As any copyright lawyer worth her salt will tell you, it’s nearly impossible to own a copyright to a single sentence, title or slogan. Too bad for Bulwer-Lytton writing contestants. Inspired by the writings of the author of the famous, overly wordy opening sentence which began, “It was a dark and stormy night…,” these contestants compete to write the “worst,” wordy first sentence of fictitious fiction. See www.bulwer-lytton.com
I said “too bad.” These one-sentence wonders are simply too short to gain legal protection, in a long-winded sort of way. But put to the test to create a protectable work, we LGP attorneys could fix that. See for yourself. We added transitional language in italics to the winning entries of various categories and combined them into a single story, with the categories noted in parentheses. Observe:
Towards the dragon’s lair the fellowship marched – a noble human prince, a fair elf, a surly dwarf and a disheveled copyright attorney who was frantically trying to find a way to differentiate this story from “Lord of the Rings.” (Fantasy) But that was not important right now. As he crossed the Nebbish Desert, lawyer Trevor Earp had greater problems than fire-breathing creatures and looming infringement claims. The wind dry-shaved the cracked earth like a dull razor – the double edge kind from the plastic bag that you shouldn’t use more than twice, but you do; but Earp had to face it as he started the second morning of his hopeless search for Drover, the Irish wolfhound he had found as a pup near death from a fight with a prairie dog and nursed back to health, stolen by a traveling circus so that the monkey would have something to ride. (Animals)

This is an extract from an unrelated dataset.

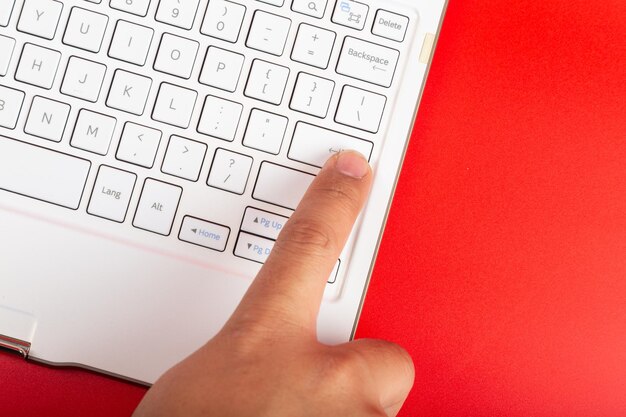 Photo close-up of hand using laptop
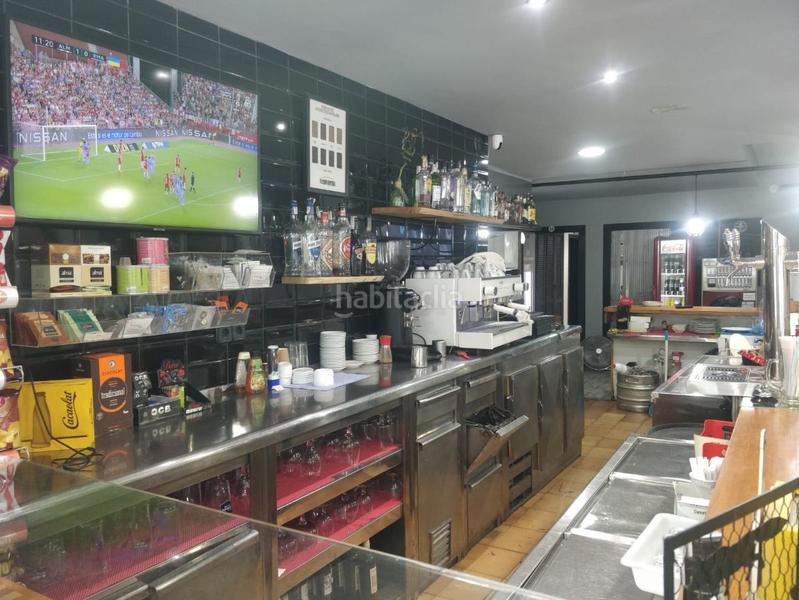 Foto b5fbfc7f-57e7-4b2b-ad4a-82f18c0b2b26. Local comercial a Eixample Sud-Migdia Girona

For his own part, the surly dwarf – affectionately known as “Windy Indy” for his frequent flatulence -- ruminated on the unfairness of it all, facing up to his own special quest. How best to pluck the exquisite Toothpick of Ramses from between a pair of acrimonious vipers before the demonic Guards of Nicobar returned should have held Indy’s full attention, but in the back of his mind he still wondered why all the others who had agreed to take part in his wife’s holiday scavenger hunt had been assigned to find stuff like a Phillips screwdriver or blue masking tape. (Adventure)
Admired in her own land as the fairest of them all, the elf made no such impression on the rest of the fellowship, and she in turn made no secret of her attitude toward the “noble” prince, Gillame. Fleur looked down her nose at Gilliame, something she was accomplished at, being six foot three in her stocking feet, and having one of those long French noses, not pert like Brigitte Bardot’s but more like the one that Charles De Gaulle had when he was still alive and President of France and he wore that cap that was shaped like a little hatbox with a bill in the front to offset his nose, but it didn’t work. (Only the French)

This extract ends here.